I have only recently been introduced to the idea of probabilistic thinking, and I like what I see. Probabilistic thinking refers to a way of seeing the world through the lens of statistics and probability theory. My introduction to this has come from Nassim Nicholas Taleb's Fooled by Randomness and Michael Lewis' Moneyball. I suppose the ideas of probabilistic thinking are not new to me. I studied statistics and econometrics while in college, but Taleb and Lewis have made the implications and importance of probabilistic thinking much more clear to me.

What appeals to me about probabilistic thinking is that it devalues actual outcomes in favor of expected outcomes. Actual outcomes are very often deceptive and probabilistic thinking alerts us to this fact and cautions us against drawing conclusions from individual events. It seems like a simple and very obvious insight, but I wonder how many people actually practice probabilistic thinking because it is so inherently abstract.

We are trained to treat results as being important.

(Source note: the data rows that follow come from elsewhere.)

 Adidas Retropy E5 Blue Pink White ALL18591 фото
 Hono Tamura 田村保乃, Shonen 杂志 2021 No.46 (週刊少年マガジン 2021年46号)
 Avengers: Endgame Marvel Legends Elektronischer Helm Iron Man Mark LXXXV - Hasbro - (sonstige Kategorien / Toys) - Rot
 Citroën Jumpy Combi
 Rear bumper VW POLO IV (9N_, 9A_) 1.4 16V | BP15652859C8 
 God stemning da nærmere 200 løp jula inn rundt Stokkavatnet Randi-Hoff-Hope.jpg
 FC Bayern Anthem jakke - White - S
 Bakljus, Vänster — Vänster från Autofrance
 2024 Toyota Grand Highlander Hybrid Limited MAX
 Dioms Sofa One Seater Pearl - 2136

It doesn't matter if a team has a 0.6 probability of winning a game. What matters is if the team manages to notch a tally in the win column. We are trained to judge things by results rather than by processes. A lot of people and a lot of companies will tell you that they are "results-oriented." But when was the last time that you heard someone tell you that he/she is "process-oriented?" Part of the problem is that processes are much harder to observe.

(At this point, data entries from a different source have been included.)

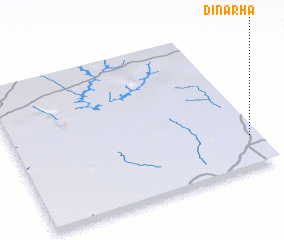 3d view of Dinarha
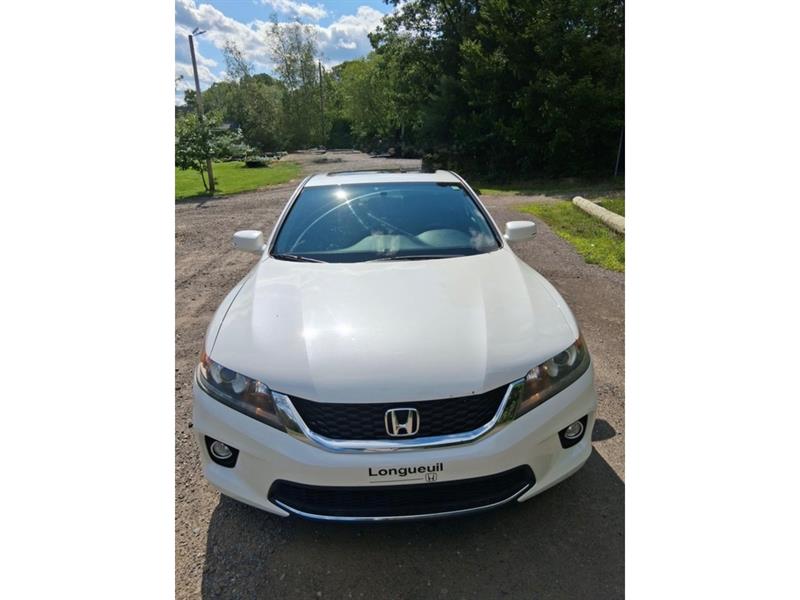 honda Accord Coupe 2015 - 4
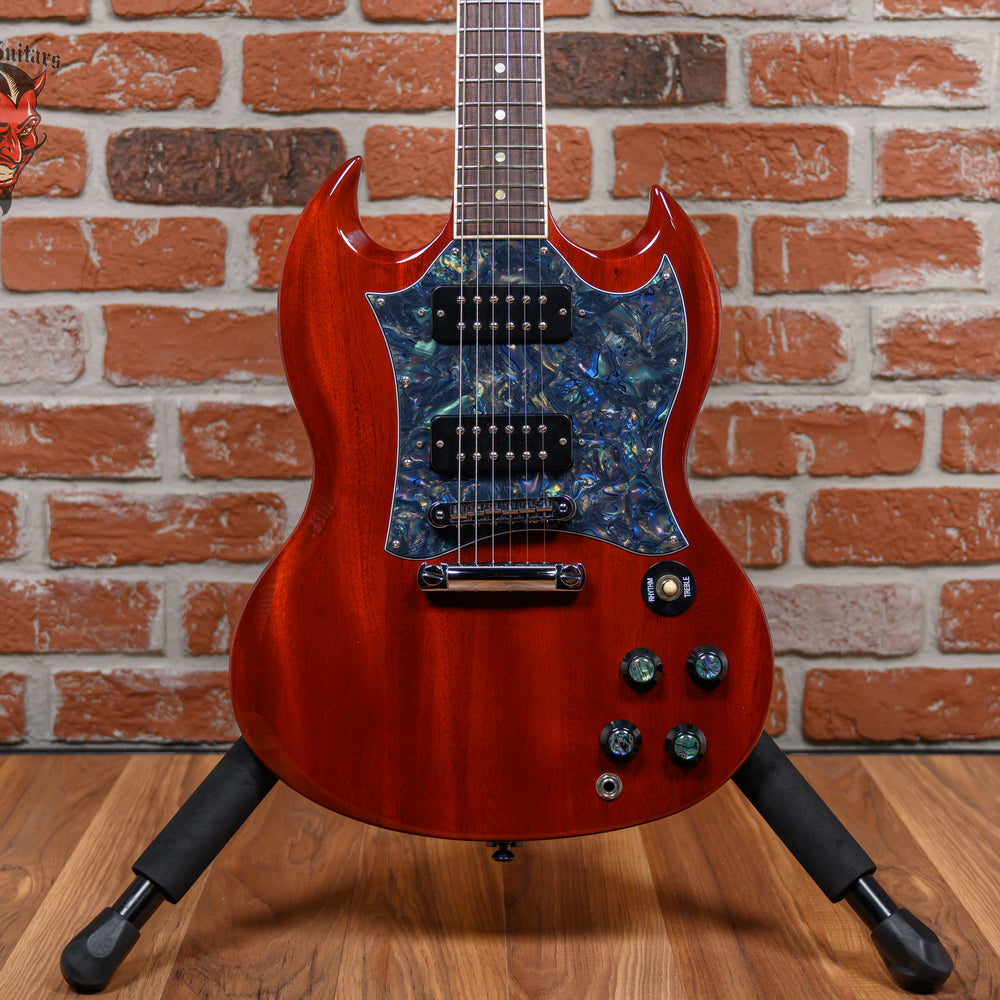 Gibson SG Classic Heritage Cherry 2008 w/ Hard Shell Case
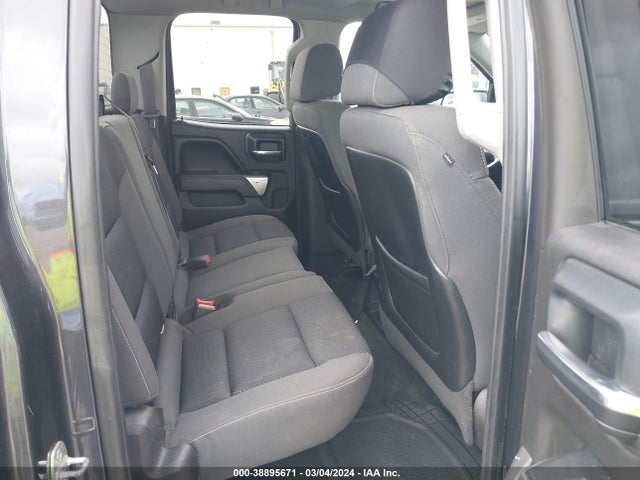 Chevrolet Silverado 1500 1lt 2014 1GCRCREC4EZ358730 Image 8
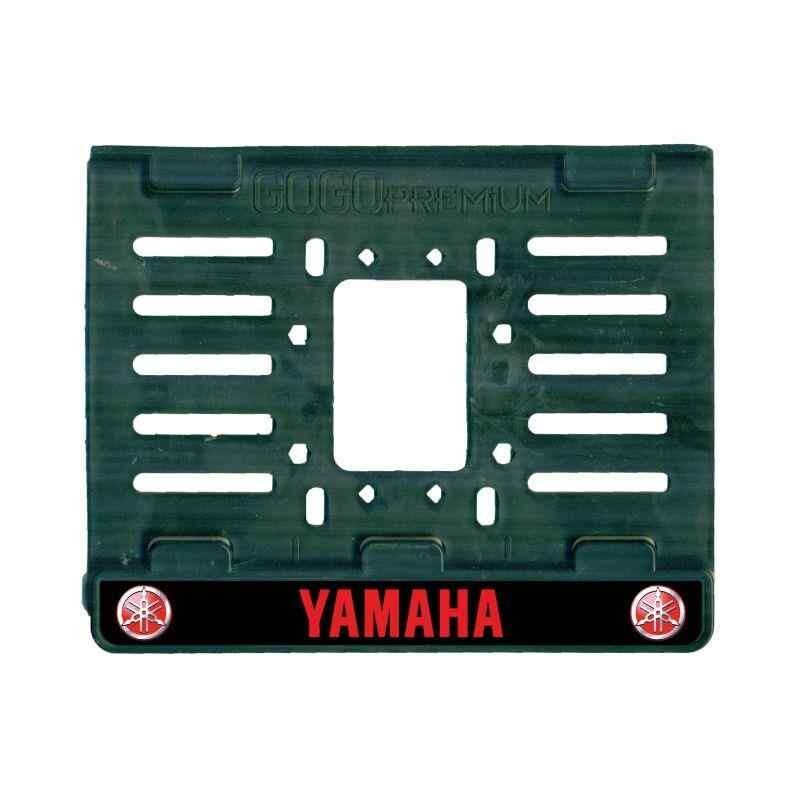 Yamaha I App Plastik (12X18 Cm) Kırılmaz Plakalık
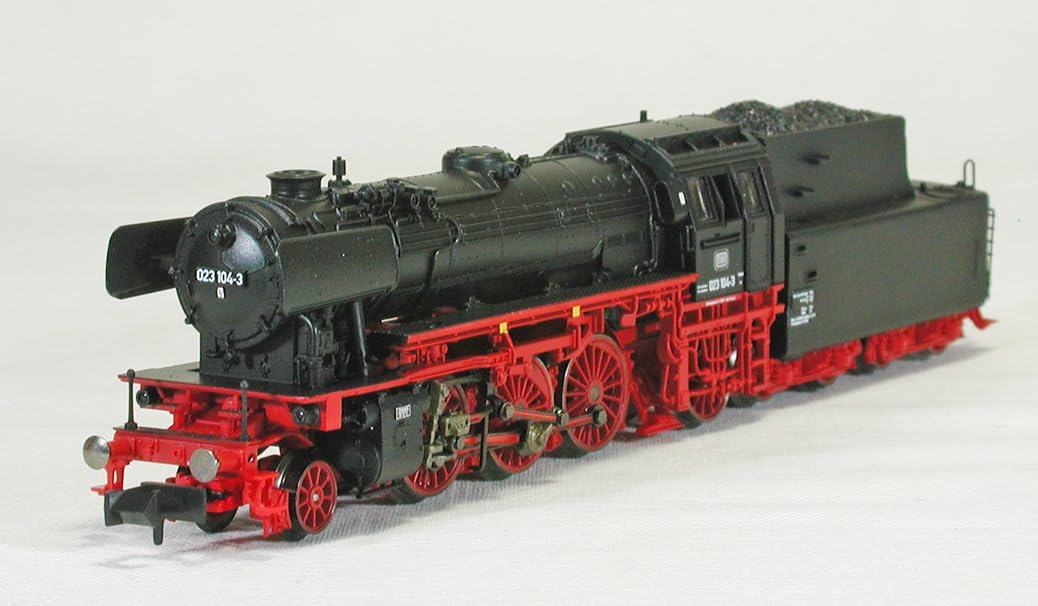 Amazon | FLEISCHMANN #712304 DB（旧西ドイツ国鉄） BR23型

In a recent job interview, I was asked the question, "What has been one of the biggest decisions you have made in your life? How did you arrive at your decision?" My instinct (and I think the instinct of most people) is to go through an inventory of decisions I've had to make in my life and think about which has been most important, and then to think about the process through which I arrived at the decision.

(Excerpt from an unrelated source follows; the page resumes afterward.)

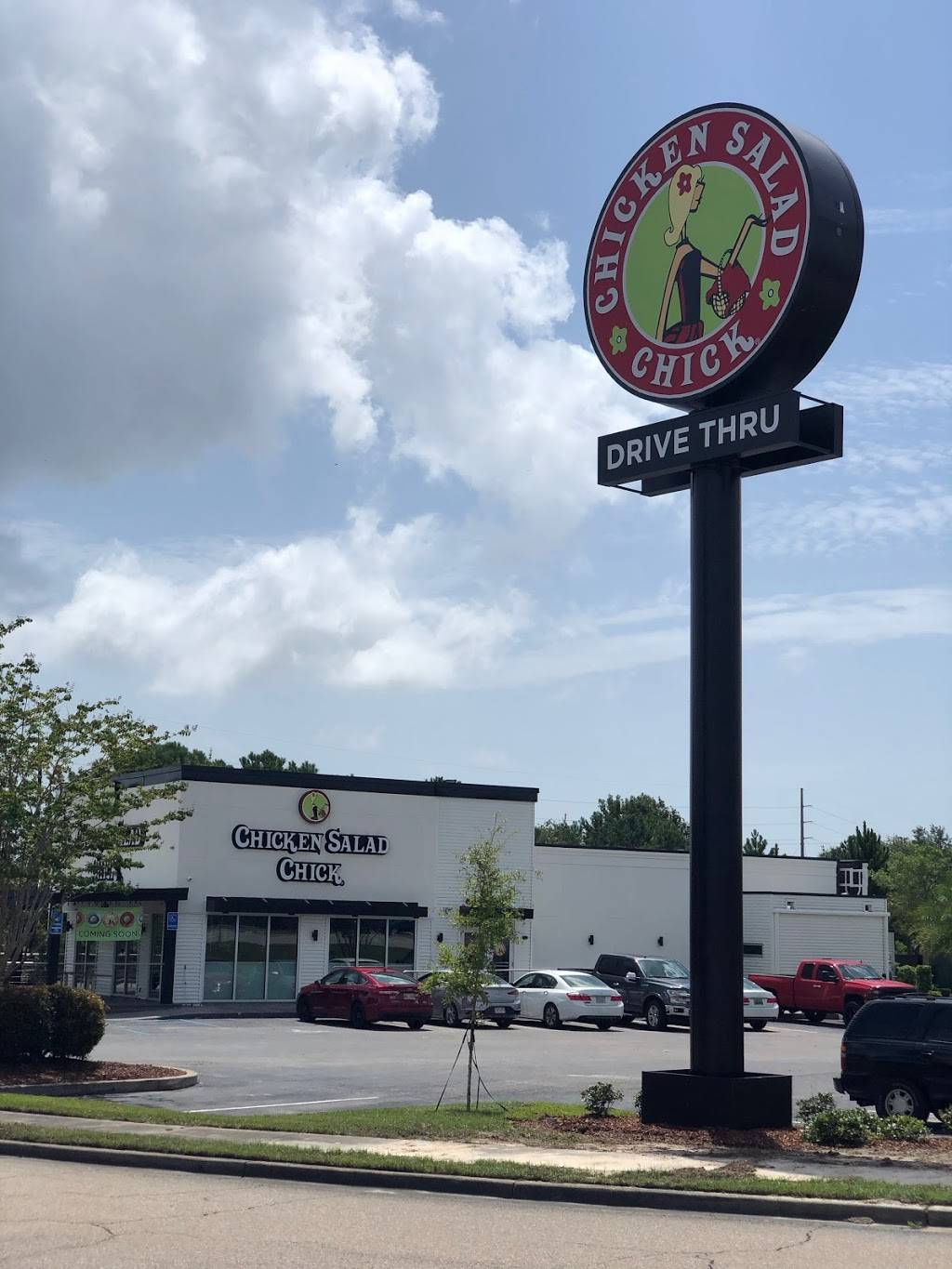 Chicken Salad Chick | restaurant | 10490 US 49, Gulfport, MS 39503, USA | 2282319524 OR +1 228-231-9524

But you see how that is sequenced? Precedence is given to the decision...you think about the decision first, and then you think about the process. The instinct is to think about our lives as a series of big and small, but all discrete, decisions.

And this, finally, is where my discussion comes to the idea of ergodicity. As I understand from Taleb, ergodicity is the idea that a very long sample path will show its long-term properties. I am sure that there is a more technically and mathematically rigorous definition, but I like the elegance of the idea. Despite short-term volatility, things eventually settle according to their long-term properties. A very Aristotelian idea, I suppose. Like telos.

But if we take ergodicity seriously, then how important are individual decisions at all? How big of a decision was it for me to move to San Francisco as opposed to Philadelphia or New York City? The generator of this decision as well as of past and future decisions remains the same. Eventually, my life will settle into its long-term properties. So the difficult but important thing is to examine those long-term properties.

What started me on this train of thought was a passage from Philip Zimbardo's book, The Time Paradox:

Compared to people from other cultures, Americans today seem more obsessed with personal happiness and have been criticized for having become a feel-good rather than a do-good culture. We are obsessed with looking good, with having a great tan, tight buns, and blemish-free skin. Yet what is important in life is more than skin-deep. It is a spiritual inner happiness that does not diminish over time. (256-257)

Thought about in this way, and viewed through probabilistic thinking, personal happiness over a short time horizon is not all that important. The important question to ask, strangely enough, ought to be: How probabilistically happy are you?

Expected outcome over actual outcome. A long, long time horizon over a short time horizon.

1 comment:

dl said...

get a job already.

actually i was just talking to myself.